This is a small and WiP project to load-balance any API in a multi-threaded and
client-side fashion (similar to lunar.dev). The only currently implemented
ApiHydra is for the 42 Intra API. If tuned correctly, it allows for hundreds,
even thousand(s) of requests per second, although if you want to be
nice, don't do that. There are many fallback and failsafe mechanisms
built in, such that long running programs don't suddenly lose all the
data because of one exception. It also handles big memory issues when
you're making a very large number of requests (100K+). It will dump
every batch of 10K requests to disk and start anew with empty memory.
Load-balancing is done on a rotating-token basis, so start the Hydra
again and again will not load balance the usage. For non-api related
requests, there's a 2 second infinite retry delay. For api related
requests, there's an optional constructor argument max_retries
that
is 50 by default. For 404's, this limit is 5 instead. The delay
increases exponentially. If you have a large number of apps (100+),
the theoretical delay might between requests might be very small, so
to not DOS the server, please use the min_request_delay
parameter
sensibly. The requests_per_second
parameter should be set to the API
limit per second per app, or a little bit less for safety.
If the program exits without calling the .finish() method, it will try
to serialize the responses to disk, first as json, if that fails, then by
calling the str() method, and if that fails too, it'll try both things again
but on /tmp
.
python3 -m venv ./env # or virtualenv ./env
. ./env/bin/activate # mind the leading dot before the path
pip install -r requirements.txt
First, make sure that you have 2FA disabled.
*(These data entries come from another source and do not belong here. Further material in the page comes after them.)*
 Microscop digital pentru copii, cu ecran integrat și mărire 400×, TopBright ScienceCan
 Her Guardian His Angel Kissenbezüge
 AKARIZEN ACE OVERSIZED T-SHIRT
After that, you can import the module and create an instance of the hydra with the parameters you need. For an already pretty fast client you can use these parameters:
#! /usr/bin/env python3
import logging
from FtApiHydra import FtApiHydra
hydra = FtApiHydra(
stats=True,
max_retries=50,
requests_per_second=1.9,
min_request_delay=.02,
log_level=logging.INFO,
intra_login='your_login',
intra_password='your_plain_password',
responses_file_path_template='./output_%s_%s.json',
)
The default parameter api_base: str = 'https://api.intra.42.fr/v2'
ensures that you only have to type the important part of the endpoint.
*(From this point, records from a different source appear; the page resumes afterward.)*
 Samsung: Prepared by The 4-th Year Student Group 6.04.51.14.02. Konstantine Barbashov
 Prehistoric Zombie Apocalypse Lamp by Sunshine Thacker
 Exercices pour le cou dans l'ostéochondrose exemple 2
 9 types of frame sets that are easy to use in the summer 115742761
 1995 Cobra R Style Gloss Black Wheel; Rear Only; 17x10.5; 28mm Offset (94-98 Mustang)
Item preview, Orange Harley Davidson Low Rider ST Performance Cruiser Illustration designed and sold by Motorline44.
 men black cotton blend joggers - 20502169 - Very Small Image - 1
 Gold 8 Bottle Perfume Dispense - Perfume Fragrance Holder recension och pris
So to make 1000 requests, let's say for the users of 42 Berlin, this is all you need
(main.py contains fuller example):
import json
hydra.set_number_of_apps(10)
logins = ['user1', 'user3', 'user2', 'user4', 'user5'] * 200 # dummy logins
for login in logins:
hydra.get(f'/users/{login}')
data = hydra.get_responses_as_json()
with open('output.json', 'w', encoding='utf-8') as f:
json.dump(data, f, ensure_ascii=False)
hydra.finish()
The call hydra.set_number_of_apps(10)
will ensure that you have exactly 10
apps to make API requests with. Remember, the rate limit is 2reqs/second/app.
The final hydra.finish()
is important, because this tell the hydra to not
save the responses in an emergency output file (specified by the reponses_file_path_template
argument).
This is very practical when the process takes long to finish and you have to press CTRL+C
or when the program unexpectedly exits.
If there are unexpected behaviours, first make sure to set the log_level to
logging.DEBUG
(other possible values are .WARNING
, .ERROR
, and .FATAL
).
If that doesn't work, try to find the error. Fix it. Make a pull requests.
Otherwise make an issue. Frankly, the code is bad, but there is some
documentation about what the methods do, feel free to read it.